If you're caring for someone with dementia, you may be entitled to certain benefits. This page will tell you if you're entitled to Carer's allowance.
What is Carer's allowance?
This benefit can be paid to carers who spend at least 35 hours per week looking after or supervising someone who is receiving DLA (care component at the highest or middle rate), PIP (daily living component at either rate) or Attendance allowance (at either rate). You do not have to be related to, or living with, the person you care for.
The benefit does not depend on National insurance contributions, but it is taxable and can affect the amount you receive of some other means-tested benefits. It gives most carers who are under State pension age a National insurance credit each week to help protect their State pension rights.
You must be 16 or over when you first claim Carer’s allowance. In some cases, the person being cared for could lose some of their means-tested benefits if Carer’s allowance is paid, so it is important to seek advice before making a claim.
You are not eligible for Carer’s allowance if you earn more than a limited amount each week after the deduction of allowable expenses (such as Income tax and pension contributions), or if you are in full-time education.
See our benefits rates page for up-to-date information on the earning limits for eligibility.
How to claim benefits
Carer's allowance and other benefits
Some people may be entitled to Carer’s allowance but are unable to receive the payments because they already receive another ‘overlapping’ benefit such as a retirement pension, and the two benefits cannot be paid at the same time. You will receive the benefit that pays the highest rate, but that is not usually Carer’s allowance. In these circumstances although you cannot receive the payment of Carer’s allowance, you have an ‘underlying entitlement’ to it so it may still be useful to you when claiming any means-tested benefit.
If you are entitled to Carer’s allowance you may be entitled to additional amounts in other benefits if you’re also claiming them, such as Income support, Universal credit, Housing benefit or Pension credit. This may be the case even for those who are entitled to Carer’s allowance but cannot receive the payments because they receive an ‘overlapping’ benefit. If you are a carer and are unsure about your entitlement, contact Carers UK for advice (see ‘Other resources’).

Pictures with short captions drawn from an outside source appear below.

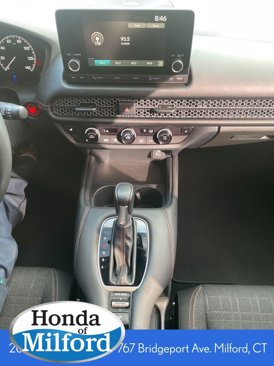 Used 2023 Honda HR-V Sport image 7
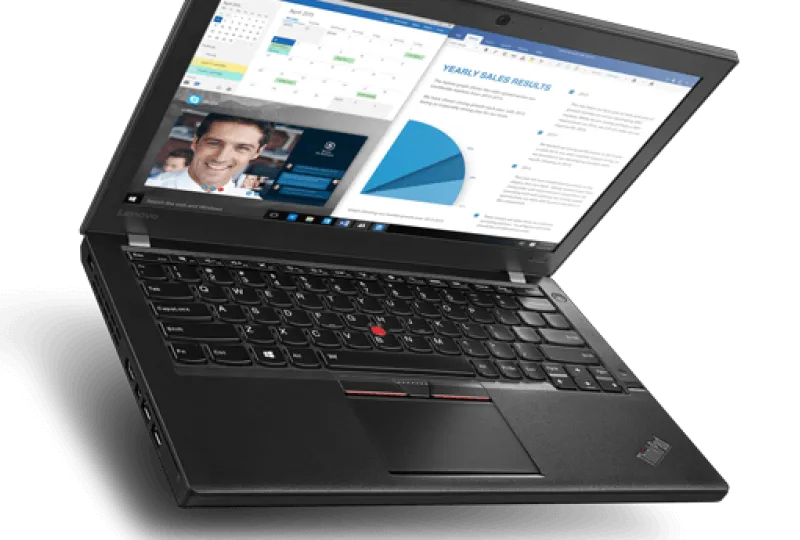 ThinkPad X260
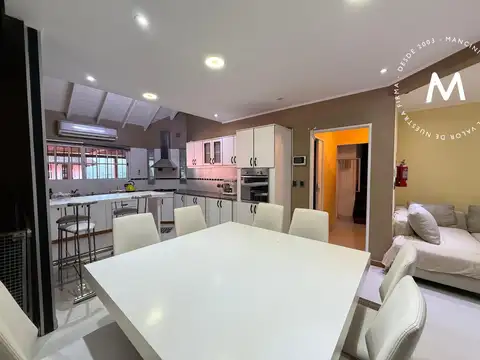Casa en Venta en San Fernando, USD 294.000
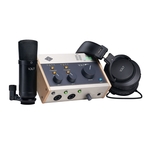 Universal Audio Volt 276 Studio Pack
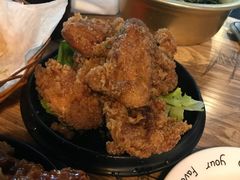 -miss密斯韩餐(平阳景苑店)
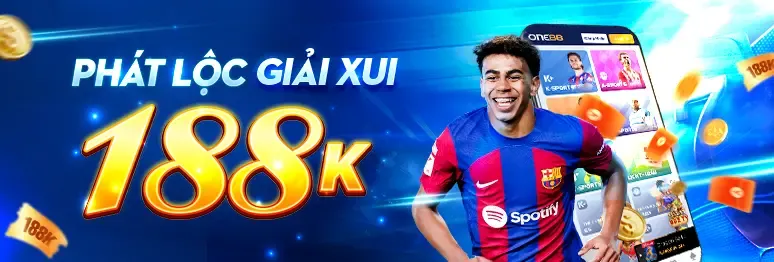 Nền tảng an toàn và công bằng K88 Bet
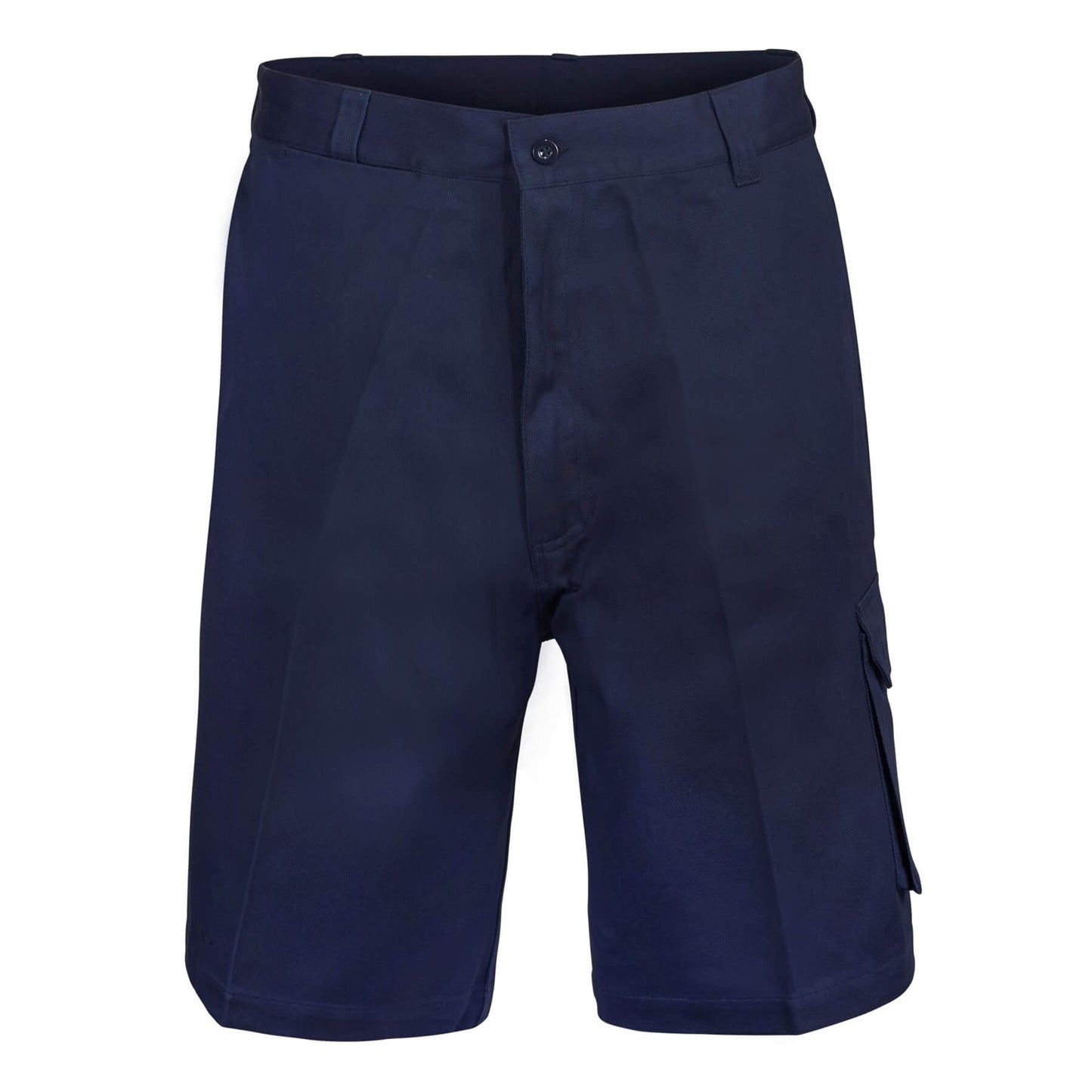 WP3046 Cargo Cotton Drill Shorts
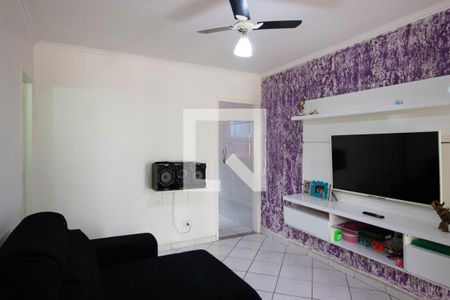 Sala de casa de condomínio à venda com 2 quartos, 70m² em Itaquera, São Paulo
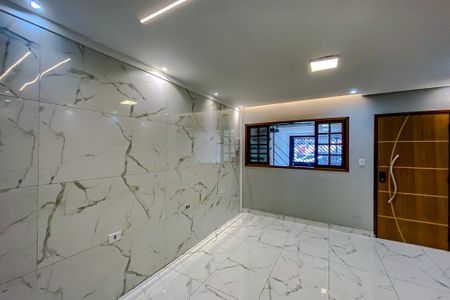 Casa à venda com 175m², 4 quartos e 1 vagaSala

Depending on your income, you may be able to claim a higher rate of benefit if your spouse or partner is dependent on you financially. If you have dependent children, you may also be able to claim Child tax credit or Universal credit.
If you’re not eligible for Carer’s allowance but you’re not working because of caring responsibilities, you may be able to claim Carer’s credit (if you care for at least 20 hours per week). It is a National insurance credit rather than a payment, so caring responsibilities will not affect your ability to qualify for the State pension.
The rules for Carer’s allowance and Carer’s credit are complex and it is important to seek advice from an experienced benefits adviser (see Other useful organisations).